Perro de Presa Canario

Perro de Presa Canario

– Males: 23 to 26 inches
– Females: 22 to 25 inches

– Males: Min weight is 100 lbs
– Females: Min weight is 85 lbs

Also Known As: Dogo Canario; Canary Dog

Perro de Presa Canario
Photo credit: Tamaran Bull Kennel

CLICK HERE to View Breeder Listings

Breed Profile

The ancestors of the Perro de Presa Canario are believed to have been brought to the Canary Island by the Spanish Conquistadors at the beginning of the 15th century. These ancestors of the breed were used to guard farms, herd and hold cattle, as well as to hunt wild or stray dogs.
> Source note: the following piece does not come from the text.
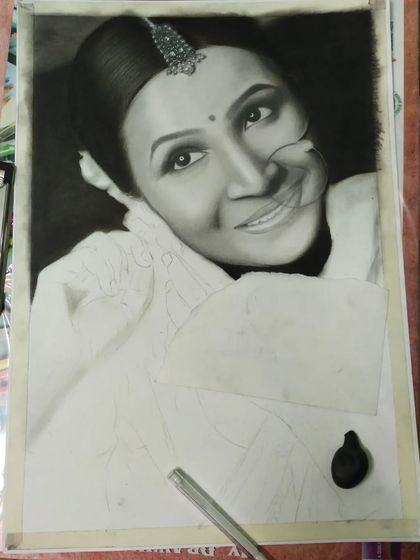 The Artistic Process photo 16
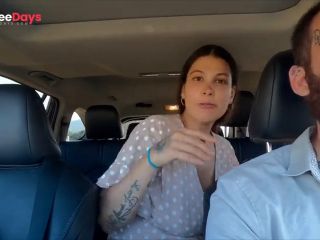 [GetFreeDays.com] Spraying milk and drinking my Lyft drivers sperm for a free ride. Part 2 on only fans. Adult Film June 2023-2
The breed’s numbers began to decline by the 1940s, however, renewed interest in preserving the breed was seen in the early 1970s when a breed club was established.

The Presa Canario is a powerfully built dog with a massive head giving an overall impression of an imposing and intimidating guard dog. The breed is courageous and agile enabling him to do the work he was initially bred for: to drive and hold cattle as well as to protect his home and family. The Presa is also very affectionate, calm, docile, subdued, devoted, loyal and eager to please in the home and with his family. He is, however, suspicious of strangers and known to be aggressive with other dogs.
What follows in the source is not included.